La verdad, escarbar entre los
propios miedos no es una actividad halagadora. Porque es literalmente andar
entre la basura, buscando algo que te pueda servir para limpiarla. Es como
trabajar con cuerpos muertos sabiendo que en cualquier momento se puede levantar
uno y puede atacarte como un zombie, por la espalda. Para muchas personas puede ser tedioso,
hostigante, molesto, doloroso ver a alguien
que se enfrenta en realidad a sus temores, porque eso nos recuerda la propia basura, los cadáveres en descomposición que todos
guardamos en el sótano de nuestra construcción interior. A quién le parece
glamuroso, interesante o incluso aceptable una persona que busca en la
basura?.
No pienso que para sanarme
internamente o ser un hombre más completo deba aferrarme sólo a “la luz
interior” que hay en mí o en otros seres humanos, de una manera desesperada y casi religiosa por cierto,
negando el dragón que duerme bajo mis pies. Todo lo contrario, lo importante
aquí es vencer a la bestia.
En los cuentos de dragones de
todos los tiempos, lo primero que hace el héroe es reconocer la existencia del reptil, saber dónde está, cómo actúa, se prepara para su encuentro con el
gigante, hace un largo viaje en búsqueda del leviatán o de las armas con
las cuales enfrentarse él y finalmente lo vence. Lo derrota. No recuerdo
ninguna historia de dragones, dónde el protagonista se siente cómodamente en
su sofá y se dedique a negar la existencia de la bestia; mientras se regodea en cosas “luminosas” y placenteras para así vencer al dragón. Qué ilusoria
forma de acabar con el mal; de dominar el caos interior!
Este es un trabajo duro y poco
grato. Una labor alejada de los cálidos rayos del sol, de la hermosa luz del
astro rey. Es una tarea subterránea, a oscuras, fría, peligrosa, lenta; pero
debo hacerla para salir del autoengaño, de la autocomplacencia, del imperio del
Ego. Debo hacer el exorcismo, no de mí mismo sino, del miedo. Debo convertirlo
en algo bueno para mí, en un combustible esta vez para mi bienestar y mi realización en todos los aspectos.

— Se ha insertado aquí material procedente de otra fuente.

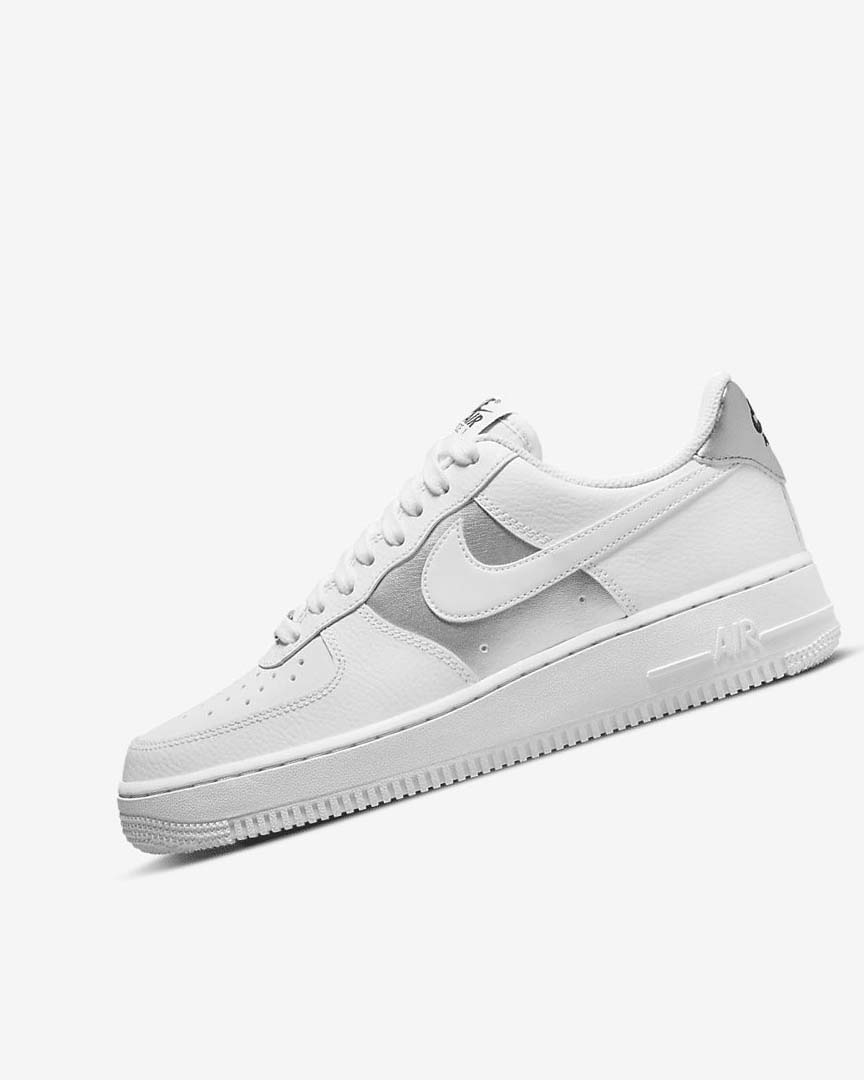 Zapatillas Nike Air Force 1 \'07 Mujer Blancas Negras Metal Plateadas Blancas | AR3201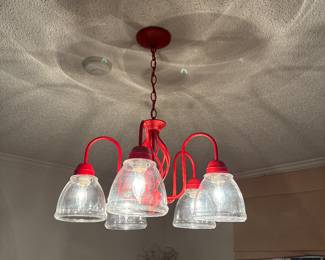 28 180.00 Dining room chandelier red metal & glass globes 27Hx21W- buyer needs to be able to take it down.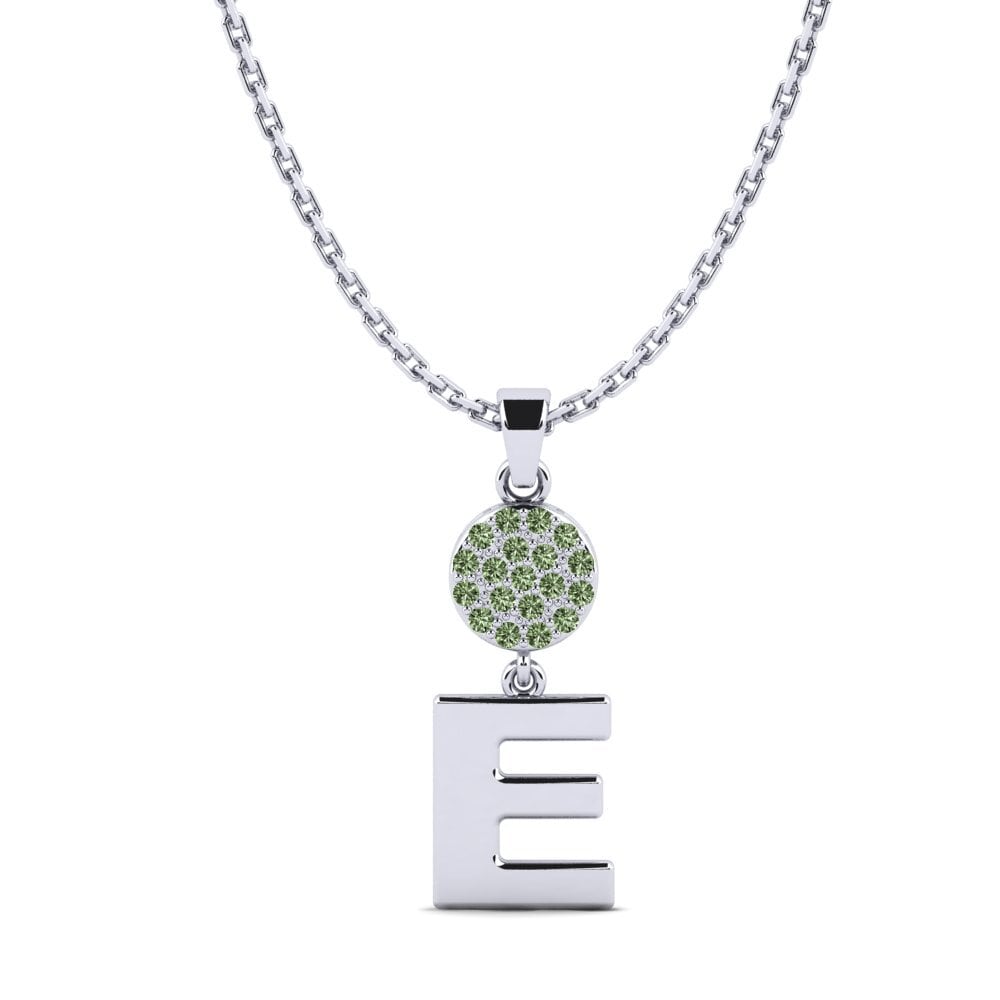 950 Palladium Grüner Diamant Damen anhänger Pruneau - E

Cómo debo hacerlo? No tengo idea. Tal vez por eso debo emprender la travesía para encontrar el instrumento, un arma sagrada o un amuleto mágico, que me permita conquistar al dragón. Mi disputa con el miedo está
lejos de terminar, porque realmente en muchos aspectos no ha comenzado. Pero debo
seguir viviendo y recorrer este camino a su ritmo, con su cadencia, transitando
los paisajes que me llevarán finalmente a enfrentarme conmigo mismo.
Cómo debo hacerlo? No tengo idea. Tal vez por eso debo emprender la travesía para encontrar el instrumento, un arma sagrada o un amuleto mágico, que me permita conquistar al dragón.